== Data ==
-- Opening Marker --
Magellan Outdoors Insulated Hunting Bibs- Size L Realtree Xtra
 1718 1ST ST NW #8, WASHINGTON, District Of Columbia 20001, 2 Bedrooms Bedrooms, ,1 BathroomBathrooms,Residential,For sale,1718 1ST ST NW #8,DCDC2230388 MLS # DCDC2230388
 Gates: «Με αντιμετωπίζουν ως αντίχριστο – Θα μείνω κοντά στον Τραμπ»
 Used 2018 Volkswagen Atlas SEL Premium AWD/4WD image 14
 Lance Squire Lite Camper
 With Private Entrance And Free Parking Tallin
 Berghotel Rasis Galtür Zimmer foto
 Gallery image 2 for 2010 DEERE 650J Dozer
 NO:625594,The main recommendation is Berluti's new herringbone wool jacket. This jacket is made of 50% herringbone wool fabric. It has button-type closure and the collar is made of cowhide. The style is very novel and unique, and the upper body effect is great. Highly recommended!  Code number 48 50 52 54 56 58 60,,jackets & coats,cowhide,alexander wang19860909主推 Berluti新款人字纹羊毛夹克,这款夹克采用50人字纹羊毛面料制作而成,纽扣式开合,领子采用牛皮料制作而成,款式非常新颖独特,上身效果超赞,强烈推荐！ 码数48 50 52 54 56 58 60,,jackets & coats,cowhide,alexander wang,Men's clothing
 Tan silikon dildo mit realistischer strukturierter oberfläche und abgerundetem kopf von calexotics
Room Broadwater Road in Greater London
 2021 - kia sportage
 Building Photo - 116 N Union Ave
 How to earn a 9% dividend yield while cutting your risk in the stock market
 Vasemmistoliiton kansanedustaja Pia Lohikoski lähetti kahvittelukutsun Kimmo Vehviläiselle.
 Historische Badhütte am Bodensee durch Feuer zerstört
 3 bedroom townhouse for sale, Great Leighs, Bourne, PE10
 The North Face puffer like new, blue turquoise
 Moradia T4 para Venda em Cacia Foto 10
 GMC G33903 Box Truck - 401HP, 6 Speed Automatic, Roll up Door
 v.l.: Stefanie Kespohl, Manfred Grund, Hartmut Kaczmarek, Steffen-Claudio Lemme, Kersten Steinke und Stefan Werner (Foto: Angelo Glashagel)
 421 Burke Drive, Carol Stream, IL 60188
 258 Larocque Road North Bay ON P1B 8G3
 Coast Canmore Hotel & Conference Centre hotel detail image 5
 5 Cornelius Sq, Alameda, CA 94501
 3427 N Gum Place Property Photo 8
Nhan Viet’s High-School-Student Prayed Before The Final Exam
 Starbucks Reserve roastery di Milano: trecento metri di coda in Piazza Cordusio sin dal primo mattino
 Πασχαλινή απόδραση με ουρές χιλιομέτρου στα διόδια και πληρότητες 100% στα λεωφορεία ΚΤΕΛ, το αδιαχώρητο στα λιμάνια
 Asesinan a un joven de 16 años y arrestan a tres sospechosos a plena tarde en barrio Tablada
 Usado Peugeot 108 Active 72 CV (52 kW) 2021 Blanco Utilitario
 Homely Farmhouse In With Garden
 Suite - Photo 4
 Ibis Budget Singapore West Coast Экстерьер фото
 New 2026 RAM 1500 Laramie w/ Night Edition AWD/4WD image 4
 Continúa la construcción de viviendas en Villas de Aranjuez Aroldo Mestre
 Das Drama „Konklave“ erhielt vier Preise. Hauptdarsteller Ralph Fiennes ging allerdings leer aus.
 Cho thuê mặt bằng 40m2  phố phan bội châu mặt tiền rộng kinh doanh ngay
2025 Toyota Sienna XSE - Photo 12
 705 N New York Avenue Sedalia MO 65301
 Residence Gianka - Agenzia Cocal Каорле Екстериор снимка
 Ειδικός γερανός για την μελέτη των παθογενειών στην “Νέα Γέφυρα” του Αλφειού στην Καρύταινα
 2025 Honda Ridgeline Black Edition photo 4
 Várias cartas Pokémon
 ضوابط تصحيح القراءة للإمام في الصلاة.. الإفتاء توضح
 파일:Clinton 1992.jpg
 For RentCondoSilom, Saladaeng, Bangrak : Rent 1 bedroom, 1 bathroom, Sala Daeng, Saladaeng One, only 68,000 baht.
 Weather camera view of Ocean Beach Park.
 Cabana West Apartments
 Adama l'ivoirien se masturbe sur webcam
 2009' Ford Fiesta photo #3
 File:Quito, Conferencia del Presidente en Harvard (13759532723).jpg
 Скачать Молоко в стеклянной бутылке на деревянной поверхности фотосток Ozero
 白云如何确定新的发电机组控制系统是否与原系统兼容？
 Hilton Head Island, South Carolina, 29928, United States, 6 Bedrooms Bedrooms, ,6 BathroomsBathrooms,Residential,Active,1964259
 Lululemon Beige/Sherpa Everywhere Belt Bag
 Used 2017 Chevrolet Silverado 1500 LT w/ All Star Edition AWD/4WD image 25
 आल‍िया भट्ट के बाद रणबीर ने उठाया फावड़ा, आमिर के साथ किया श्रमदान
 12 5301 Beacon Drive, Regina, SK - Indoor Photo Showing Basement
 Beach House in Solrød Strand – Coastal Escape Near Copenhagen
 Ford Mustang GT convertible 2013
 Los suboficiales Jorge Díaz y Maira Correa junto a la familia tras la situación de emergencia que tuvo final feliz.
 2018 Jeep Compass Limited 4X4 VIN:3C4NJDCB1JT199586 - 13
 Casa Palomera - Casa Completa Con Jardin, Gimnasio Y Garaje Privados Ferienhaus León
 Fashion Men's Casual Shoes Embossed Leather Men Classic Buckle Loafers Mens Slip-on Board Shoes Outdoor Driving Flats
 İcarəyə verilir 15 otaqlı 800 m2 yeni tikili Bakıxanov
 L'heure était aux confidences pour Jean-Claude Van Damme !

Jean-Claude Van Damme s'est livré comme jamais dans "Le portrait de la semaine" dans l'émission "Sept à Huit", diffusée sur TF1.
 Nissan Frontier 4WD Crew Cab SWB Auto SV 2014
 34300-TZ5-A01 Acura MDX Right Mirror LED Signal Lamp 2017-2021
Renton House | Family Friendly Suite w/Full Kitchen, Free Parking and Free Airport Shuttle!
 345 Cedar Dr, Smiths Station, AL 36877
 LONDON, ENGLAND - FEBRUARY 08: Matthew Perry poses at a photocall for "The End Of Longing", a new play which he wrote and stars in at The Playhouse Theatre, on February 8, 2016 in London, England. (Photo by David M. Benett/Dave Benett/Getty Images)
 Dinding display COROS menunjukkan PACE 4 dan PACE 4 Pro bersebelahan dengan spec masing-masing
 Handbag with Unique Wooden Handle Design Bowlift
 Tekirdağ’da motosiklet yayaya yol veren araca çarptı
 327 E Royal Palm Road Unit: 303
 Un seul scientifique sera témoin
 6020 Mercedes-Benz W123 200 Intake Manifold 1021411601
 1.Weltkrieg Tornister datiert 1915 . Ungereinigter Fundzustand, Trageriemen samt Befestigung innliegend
-- Closing Marker --
== Description of the task ==
All records shown above are to be given again verbatim.

== Written answer ==
Magellan Outdoors Insulated Hunting Bibs- Size L Realtree Xtra
 1718 1ST ST NW #8, WASHINGTON, District Of Columbia 20001, 2 Bedrooms Bedrooms, ,1 BathroomBathrooms,Residential,For sale,1718 1ST ST NW #8,DCDC2230388 MLS # DCDC2230388
 Gates: «Με αντιμετωπίζουν ως αντίχριστο – Θα μείνω κοντά στον Τραμπ»
 Used 2018 Volkswagen Atlas SEL Premium AWD/4WD image 14
 Lance Squire Lite Camper
 With Private Entrance And Free Parking Tallin
 Berghotel Rasis Galtür Zimmer foto
 Gallery image 2 for 2010 DEERE 650J Dozer
 NO:625594,The main recommendation is Berluti's new herringbone wool jacket. This jacket is made of 50% herringbone wool fabric. It has button-type closure and the collar is made of cowhide. The style is very novel and unique, and the upper body effect is great. Highly recommended!  Code number 48 50 52 54 56 58 60,,jackets & coats,cowhide,alexander wang19860909主推 Berluti新款人字纹羊毛夹克,这款夹克采用50人字纹羊毛面料制作而成,纽扣式开合,领子采用牛皮料制作而成,款式非常新颖独特,上身效果超赞,强烈推荐！ 码数48 50 52 54 56 58 60,,jackets & coats,cowhide,alexander wang,Men's clothing
 Tan silikon dildo mit realistischer strukturierter oberfläche und abgerundetem kopf von calexotics
Room Broadwater Road in Greater London
 2021 - kia sportage
 Building Photo - 116 N Union Ave
 How to earn a 9% dividend yield while cutting your risk in the stock market
 Vasemmistoliiton kansanedustaja Pia Lohikoski lähetti kahvittelukutsun Kimmo Vehviläiselle.
 Historische Badhütte am Bodensee durch Feuer zerstört
 3 bedroom townhouse for sale, Great Leighs, Bourne, PE10
 The North Face puffer like new, blue turquoise
 Moradia T4 para Venda em Cacia Foto 10
 GMC G33903 Box Truck - 401HP, 6 Speed Automatic, Roll up Door
 v.l.: Stefanie Kespohl, Manfred Grund, Hartmut Kaczmarek, Steffen-Claudio Lemme, Kersten Steinke und Stefan Werner (Foto: Angelo Glashagel)
 421 Burke Drive, Carol Stream, IL 60188
 258 Larocque Road North Bay ON P1B 8G3
 Coast Canmore Hotel & Conference Centre hotel detail image 5
 5 Cornelius Sq, Alameda, CA 94501
 3427 N Gum Place Property Photo 8
Nhan Viet’s High-School-Student Prayed Before The Final Exam
 Starbucks Reserve roastery di Milano: trecento metri di coda in Piazza Cordusio sin dal primo mattino
 Πασχαλινή απόδραση με ουρές χιλιομέτρου στα διόδια και πληρότητες 100% στα λεωφορεία ΚΤΕΛ, το αδιαχώρητο στα λιμάνια
 Asesinan a un joven de 16 años y arrestan a tres sospechosos a plena tarde en barrio Tablada
 Usado Peugeot 108 Active 72 CV (52 kW) 2021 Blanco Utilitario
 Homely Farmhouse In With Garden
 Suite - Photo 4
 Ibis Budget Singapore West Coast Экстерьер фото
 New 2026 RAM 1500 Laramie w/ Night Edition AWD/4WD image 4
 Continúa la construcción de viviendas en Villas de Aranjuez Aroldo Mestre
 Das Drama „Konklave“ erhielt vier Preise. Hauptdarsteller Ralph Fiennes ging allerdings leer aus.
 Cho thuê mặt bằng 40m2  phố phan bội châu mặt tiền rộng kinh doanh ngay
2025 Toyota Sienna XSE - Photo 12
 705 N New York Avenue Sedalia MO 65301
 Residence Gianka - Agenzia Cocal Каорле Екстериор снимка
 Ειδικός γερανός για την μελέτη των παθογενειών στην “Νέα Γέφυρα” του Αλφειού στην Καρύταινα
 2025 Honda Ridgeline Black Edition photo 4
 Várias cartas Pokémon
 ضوابط تصحيح القراءة للإمام في الصلاة.. الإفتاء توضح
 파일:Clinton 1992.jpg
 For RentCondoSilom, Saladaeng, Bangrak : Rent 1 bedroom, 1 bathroom, Sala Daeng, Saladaeng One, only 68,000 baht.
 Weather camera view of Ocean Beach Park.
 Cabana West Apartments
 Adama l'ivoirien se masturbe sur webcam
 2009' Ford Fiesta photo #3
 File:Quito, Conferencia del Presidente en Harvard (13759532723).jpg
 Скачать Молоко в стеклянной бутылке на деревянной поверхности фотосток Ozero
 白云如何确定新的发电机组控制系统是否与原系统兼容？
 Hilton Head Island, South Carolina, 29928, United States, 6 Bedrooms Bedrooms, ,6 BathroomsBathrooms,Residential,Active,1964259
 Lululemon Beige/Sherpa Everywhere Belt Bag
 Used 2017 Chevrolet Silverado 1500 LT w/ All Star Edition AWD/4WD image 25
 आल‍िया भट्ट के बाद रणबीर ने उठाया फावड़ा, आमिर के साथ किया श्रमदान
 12 5301 Beacon Drive, Regina, SK - Indoor Photo Showing Basement
 Beach House in Solrød Strand – Coastal Escape Near Copenhagen
 Ford Mustang GT convertible 2013
 Los suboficiales Jorge Díaz y Maira Correa junto a la familia tras la situación de emergencia que tuvo final feliz.
 2018 Jeep Compass Limited 4X4 VIN:3C4NJDCB1JT199586 - 13
 Casa Palomera - Casa Completa Con Jardin, Gimnasio Y Garaje Privados Ferienhaus León
 Fashion Men's Casual Shoes Embossed Leather Men Classic Buckle Loafers Mens Slip-on Board Shoes Outdoor Driving Flats
 İcarəyə verilir 15 otaqlı 800 m2 yeni tikili Bakıxanov
 L'heure était aux confidences pour Jean-Claude Van Damme !

Jean-Claude Van Damme s'est livré comme jamais dans "Le portrait de la semaine" dans l'émission "Sept à Huit", diffusée sur TF1.
 Nissan Frontier 4WD Crew Cab SWB Auto SV 2014
 34300-TZ5-A01 Acura MDX Right Mirror LED Signal Lamp 2017-2021
Renton House | Family Friendly Suite w/Full Kitchen, Free Parking and Free Airport Shuttle!
 345 Cedar Dr, Smiths Station, AL 36877
 LONDON, ENGLAND - FEBRUARY 08: Matthew Perry poses at a photocall for "The End Of Longing", a new play which he wrote and stars in at The Playhouse Theatre, on February 8, 2016 in London, England. (Photo by David M. Benett/Dave Benett/Getty Images)
 Dinding display COROS menunjukkan PACE 4 dan PACE 4 Pro bersebelahan dengan spec masing-masing
 Handbag with Unique Wooden Handle Design Bowlift
 Tekirdağ’da motosiklet yayaya yol veren araca çarptı
 327 E Royal Palm Road Unit: 303
 Un seul scientifique sera témoin
 6020 Mercedes-Benz W123 200 Intake Manifold 1021411601
 1.Weltkrieg Tornister datiert 1915 . Ungereinigter Fundzustand, Trageriemen samt Befestigung innliegend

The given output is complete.